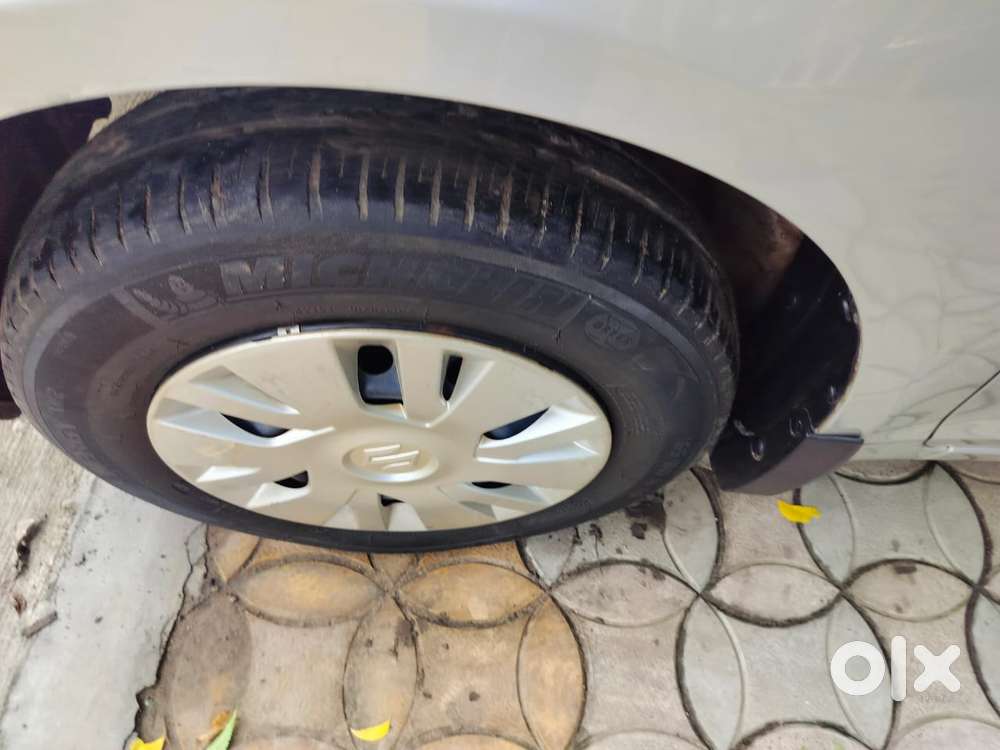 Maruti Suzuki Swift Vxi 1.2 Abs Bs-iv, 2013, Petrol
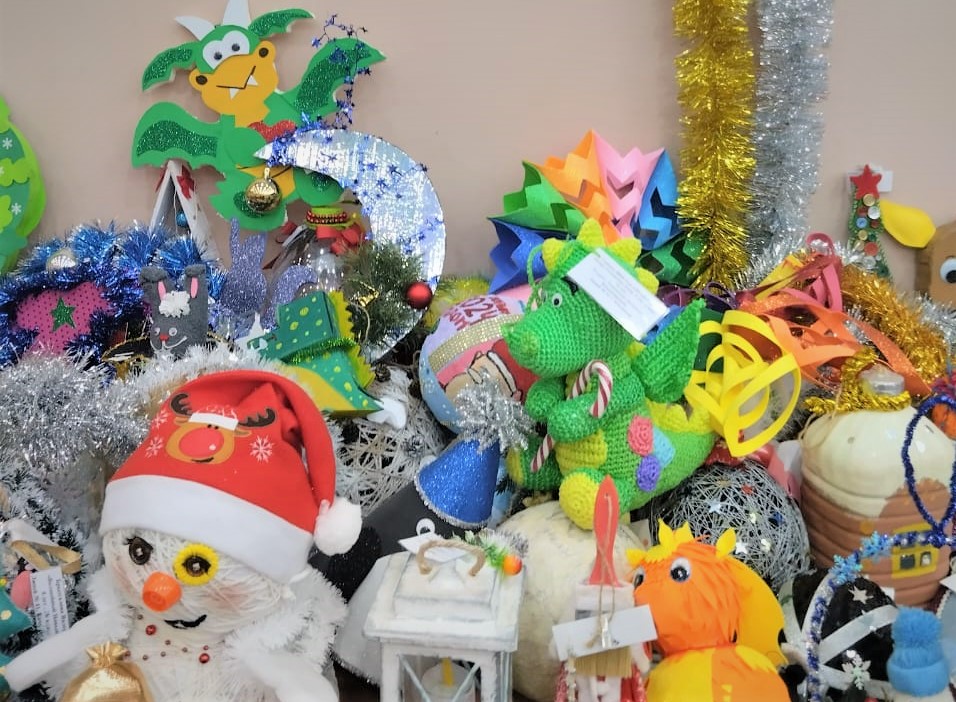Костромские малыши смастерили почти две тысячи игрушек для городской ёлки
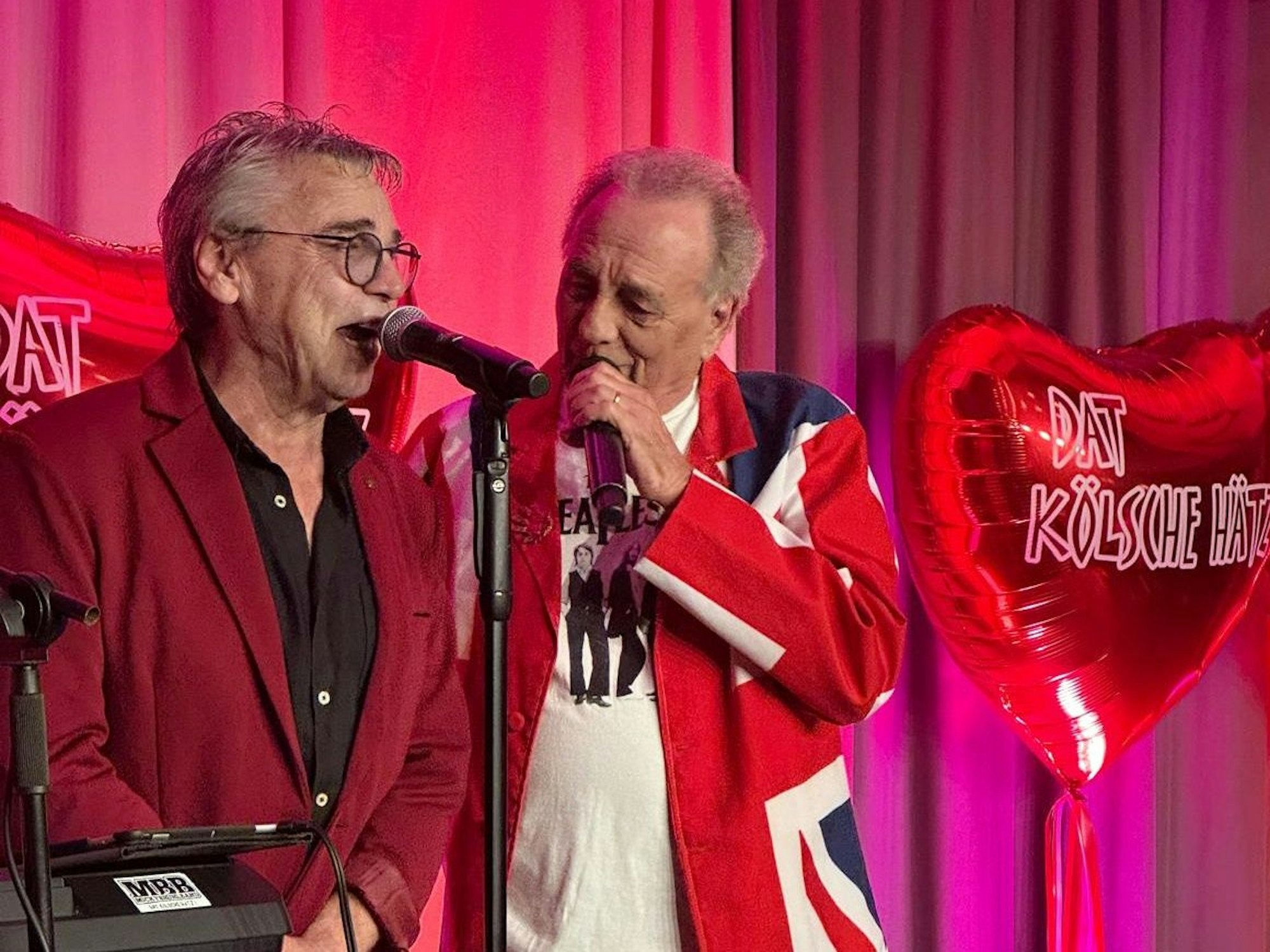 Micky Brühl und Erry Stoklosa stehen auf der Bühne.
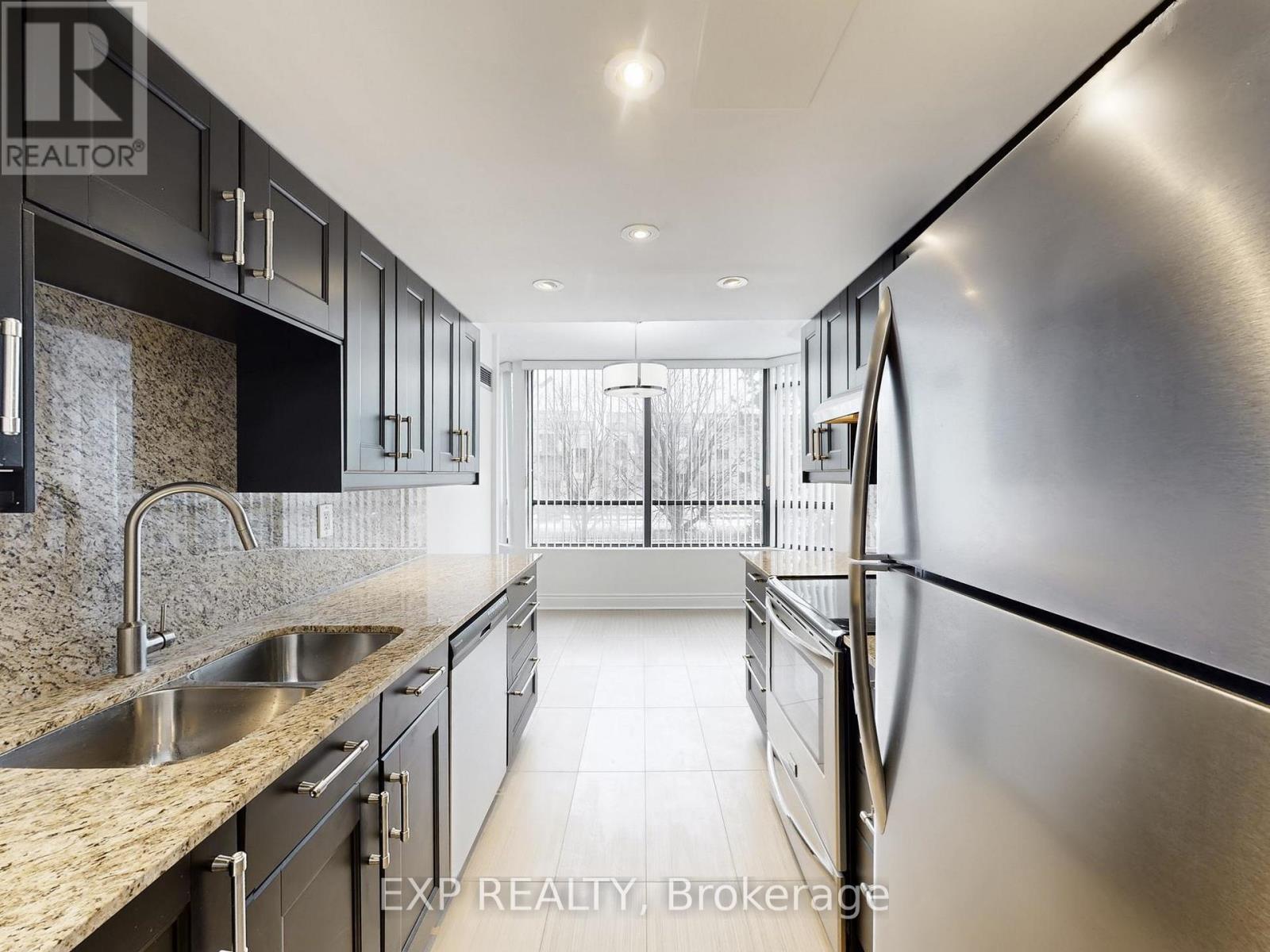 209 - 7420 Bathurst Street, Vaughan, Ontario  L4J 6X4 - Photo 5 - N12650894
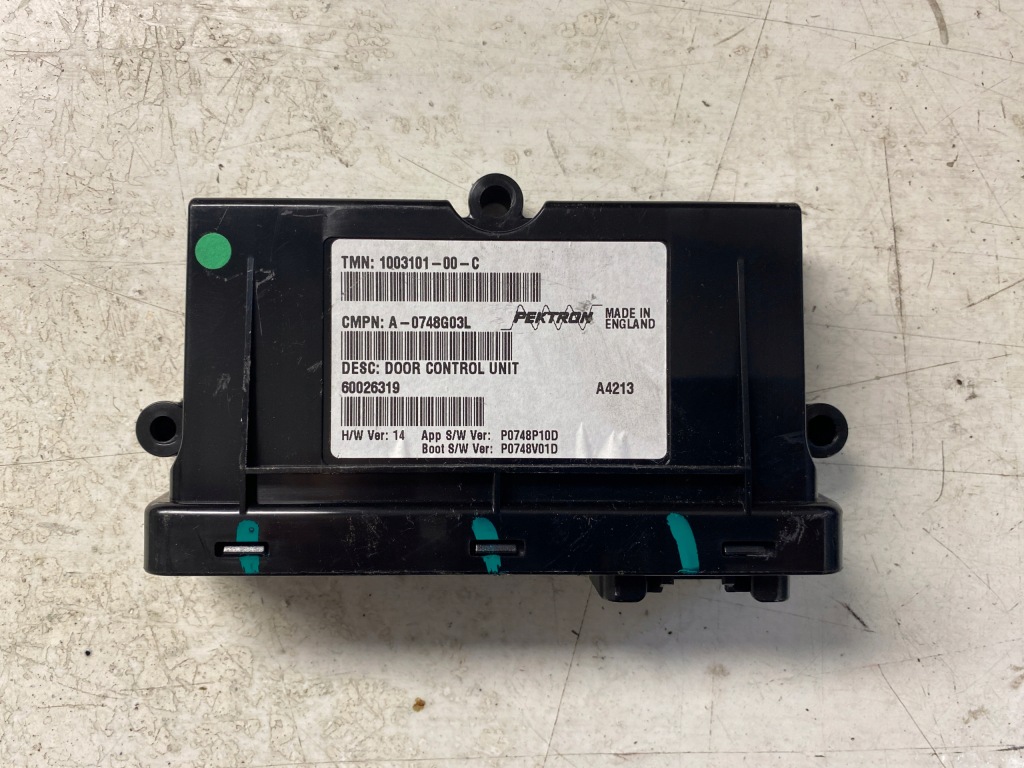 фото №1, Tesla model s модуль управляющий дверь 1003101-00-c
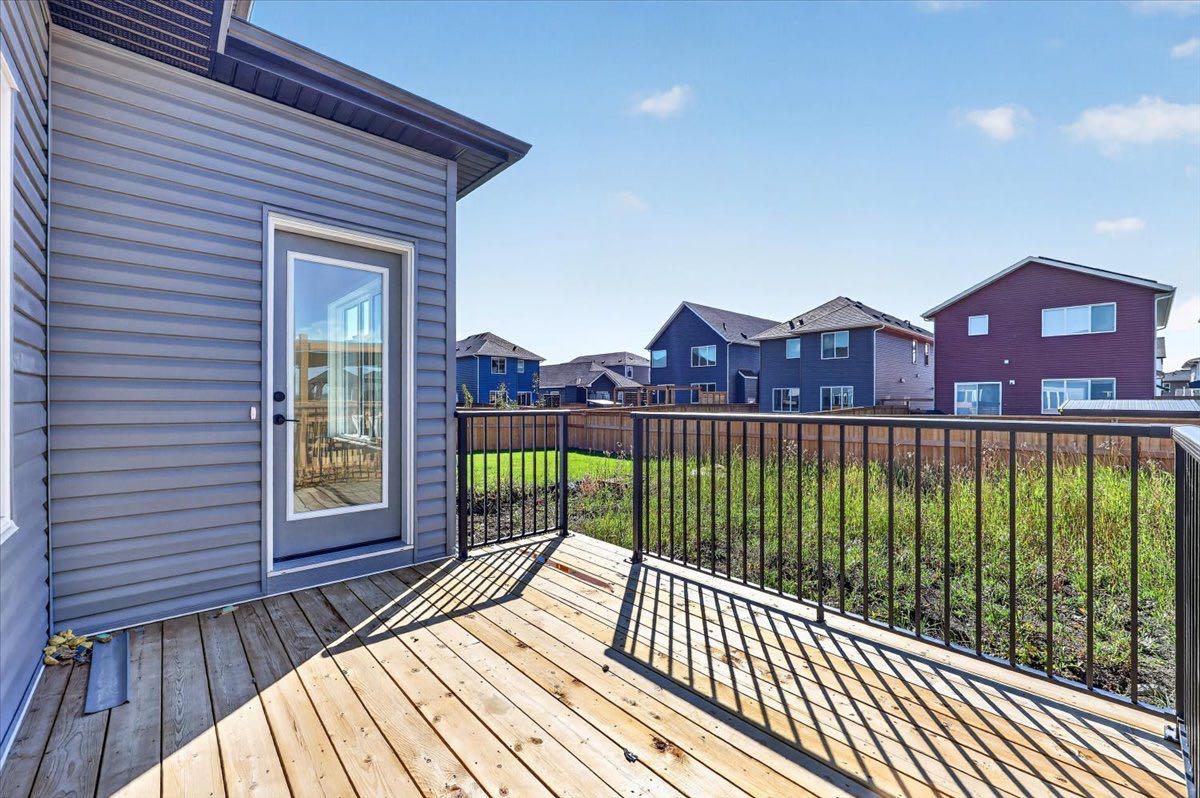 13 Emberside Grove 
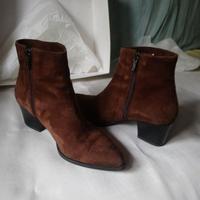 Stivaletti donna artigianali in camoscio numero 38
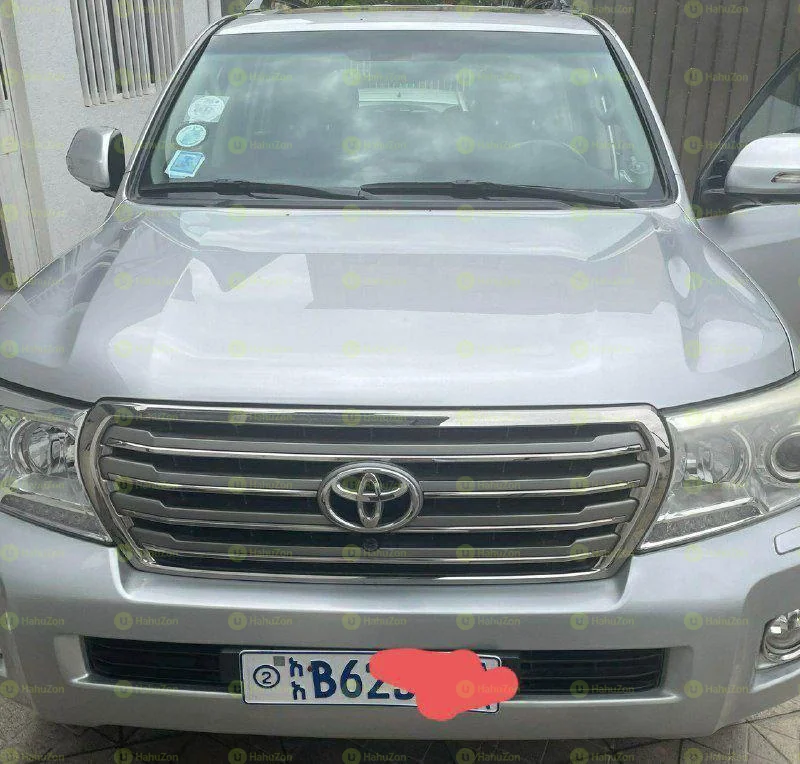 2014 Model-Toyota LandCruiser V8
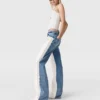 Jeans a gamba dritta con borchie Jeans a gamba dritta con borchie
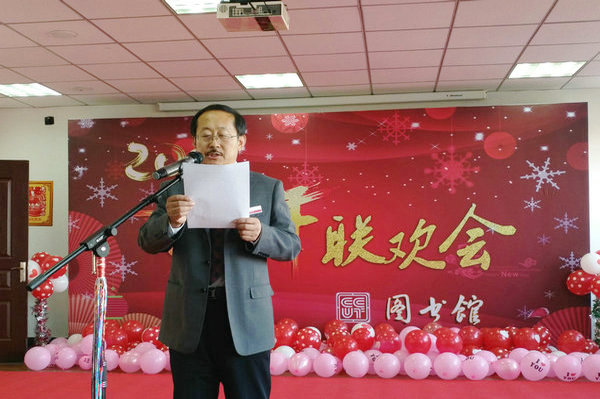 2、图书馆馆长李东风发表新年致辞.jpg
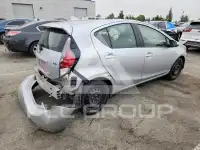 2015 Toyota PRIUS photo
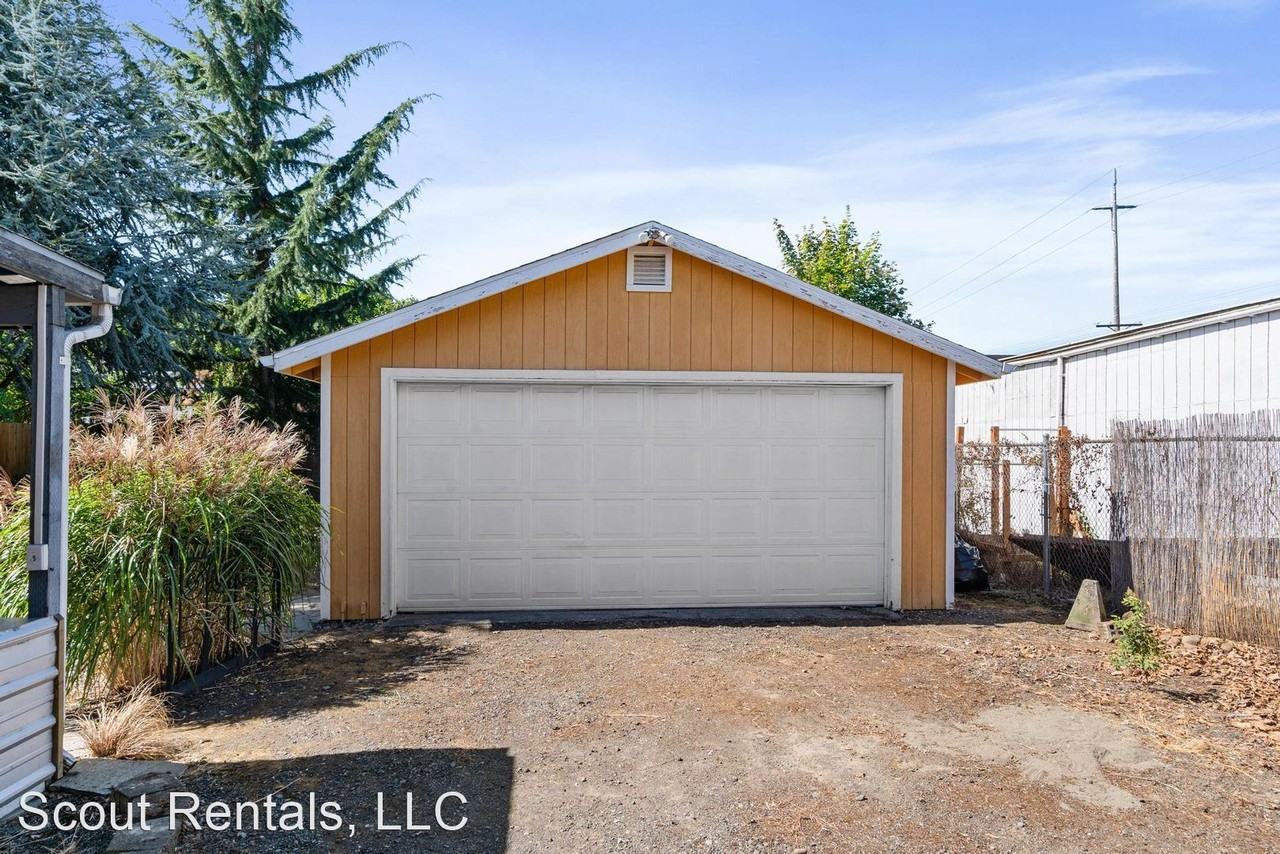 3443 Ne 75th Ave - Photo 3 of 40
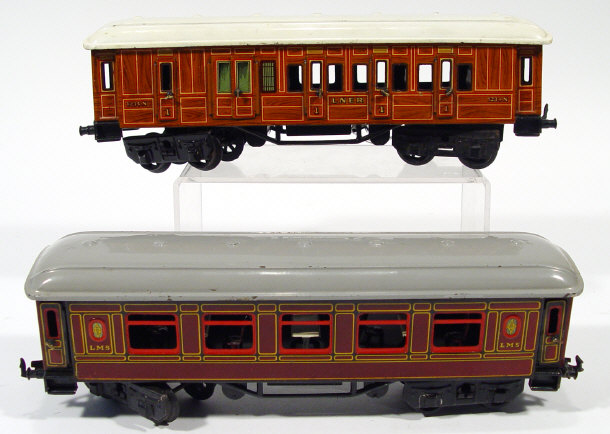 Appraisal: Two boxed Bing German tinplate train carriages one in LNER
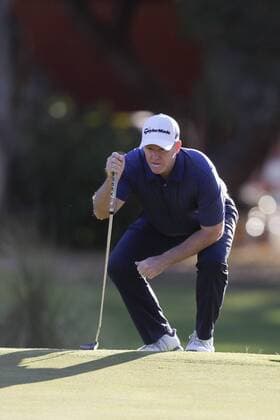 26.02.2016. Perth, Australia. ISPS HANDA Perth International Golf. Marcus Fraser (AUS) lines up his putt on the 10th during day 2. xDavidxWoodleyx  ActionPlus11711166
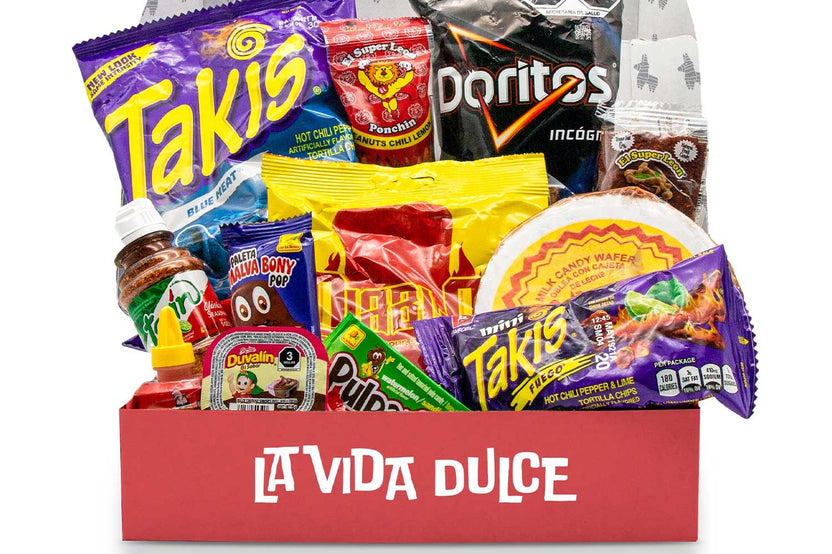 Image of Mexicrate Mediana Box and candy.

━━━━━━━━

Each entry above should be restated word for word, though no picture may appear in the copy.

 Maruti Suzuki Swift Vxi 1.2 Abs Bs-iv, 2013, Petrol
Костромские малыши смастерили почти две тысячи игрушек для городской ёлки
 Micky Brühl und Erry Stoklosa stehen auf der Bühne.
 209 - 7420 Bathurst Street, Vaughan, Ontario  L4J 6X4 - Photo 5 - N12650894
 фото №1, Tesla model s модуль управляющий дверь 1003101-00-c
 13 Emberside Grove 
 Stivaletti donna artigianali in camoscio numero 38
 2014 Model-Toyota LandCruiser V8
 Jeans a gamba dritta con borchie Jeans a gamba dritta con borchie
 2、图书馆馆长李东风发表新年致辞.jpg
 2015 Toyota PRIUS photo
 3443 Ne 75th Ave - Photo 3 of 40
 Appraisal: Two boxed Bing German tinplate train carriages one in LNER
 26.02.2016. Perth, Australia. ISPS HANDA Perth International Golf. Marcus Fraser (AUS) lines up his putt on the 10th during day 2. xDavidxWoodleyx  ActionPlus11711166
 Image of Mexicrate Mediana Box and candy.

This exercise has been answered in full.